(Beginning of RECORDS FOR THE TASK)

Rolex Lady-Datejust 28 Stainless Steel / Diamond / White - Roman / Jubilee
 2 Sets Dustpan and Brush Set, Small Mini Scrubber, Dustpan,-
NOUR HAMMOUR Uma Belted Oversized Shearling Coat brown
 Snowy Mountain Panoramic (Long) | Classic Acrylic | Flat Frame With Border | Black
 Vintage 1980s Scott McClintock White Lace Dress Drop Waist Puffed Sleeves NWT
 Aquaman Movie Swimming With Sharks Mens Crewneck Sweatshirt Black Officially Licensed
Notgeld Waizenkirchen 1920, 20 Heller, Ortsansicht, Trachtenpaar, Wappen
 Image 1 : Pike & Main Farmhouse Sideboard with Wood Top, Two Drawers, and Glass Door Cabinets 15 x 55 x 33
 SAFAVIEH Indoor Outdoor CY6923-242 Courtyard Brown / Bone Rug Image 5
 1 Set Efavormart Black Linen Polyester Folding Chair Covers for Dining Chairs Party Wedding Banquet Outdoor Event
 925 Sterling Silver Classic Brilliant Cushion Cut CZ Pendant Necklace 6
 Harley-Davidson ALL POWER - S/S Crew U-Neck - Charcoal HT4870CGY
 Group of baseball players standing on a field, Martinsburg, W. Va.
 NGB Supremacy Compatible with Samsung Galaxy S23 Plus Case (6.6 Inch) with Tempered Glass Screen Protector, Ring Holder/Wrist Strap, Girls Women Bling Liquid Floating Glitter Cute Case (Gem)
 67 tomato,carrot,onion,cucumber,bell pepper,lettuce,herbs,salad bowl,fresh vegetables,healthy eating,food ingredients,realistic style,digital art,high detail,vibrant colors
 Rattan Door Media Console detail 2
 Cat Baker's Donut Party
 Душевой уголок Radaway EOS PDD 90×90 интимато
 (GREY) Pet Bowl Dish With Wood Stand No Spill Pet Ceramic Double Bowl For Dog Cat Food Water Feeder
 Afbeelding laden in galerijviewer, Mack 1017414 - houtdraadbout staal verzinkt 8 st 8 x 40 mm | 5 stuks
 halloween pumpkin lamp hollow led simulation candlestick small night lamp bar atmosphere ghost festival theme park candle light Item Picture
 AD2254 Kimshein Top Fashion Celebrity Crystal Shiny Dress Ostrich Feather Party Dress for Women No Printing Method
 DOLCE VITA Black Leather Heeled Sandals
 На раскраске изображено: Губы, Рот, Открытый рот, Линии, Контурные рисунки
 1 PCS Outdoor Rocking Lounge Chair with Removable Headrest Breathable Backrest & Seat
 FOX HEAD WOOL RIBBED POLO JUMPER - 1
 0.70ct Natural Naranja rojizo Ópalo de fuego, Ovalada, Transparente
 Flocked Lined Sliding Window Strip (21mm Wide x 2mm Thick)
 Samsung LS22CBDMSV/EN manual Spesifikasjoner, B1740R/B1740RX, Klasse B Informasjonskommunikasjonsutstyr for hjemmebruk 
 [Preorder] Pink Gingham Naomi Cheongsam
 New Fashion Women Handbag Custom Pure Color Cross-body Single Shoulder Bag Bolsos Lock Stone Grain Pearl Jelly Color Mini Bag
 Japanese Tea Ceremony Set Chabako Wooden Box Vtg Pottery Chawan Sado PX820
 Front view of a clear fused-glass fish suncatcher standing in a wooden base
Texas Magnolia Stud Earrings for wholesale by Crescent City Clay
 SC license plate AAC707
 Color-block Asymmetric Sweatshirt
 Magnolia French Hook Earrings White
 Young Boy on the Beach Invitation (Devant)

(End of RECORDS FOR THE TASK)

• ABOUT THIS EXERCISE
Look back at the data above. Transcribe exactly the lines starting at the line that contains "Cat Baker's Donut Party" and ending at the line that contains "0.70ct Natural Naranja".

• RESPONSE AREA
 Cat Baker's Donut Party
 Душевой уголок Radaway EOS PDD 90×90 интимато
 (GREY) Pet Bowl Dish With Wood Stand No Spill Pet Ceramic Double Bowl For Dog Cat Food Water Feeder
 Afbeelding laden in galerijviewer, Mack 1017414 - houtdraadbout staal verzinkt 8 st 8 x 40 mm | 5 stuks
 halloween pumpkin lamp hollow led simulation candlestick small night lamp bar atmosphere ghost festival theme park candle light Item Picture
 AD2254 Kimshein Top Fashion Celebrity Crystal Shiny Dress Ostrich Feather Party Dress for Women No Printing Method
 DOLCE VITA Black Leather Heeled Sandals
 На раскраске изображено: Губы, Рот, Открытый рот, Линии, Контурные рисунки
 1 PCS Outdoor Rocking Lounge Chair with Removable Headrest Breathable Backrest & Seat
 FOX HEAD WOOL RIBBED POLO JUMPER - 1
 0.70ct Natural Naranja rojizo Ópalo de fuego, Ovalada, Transparente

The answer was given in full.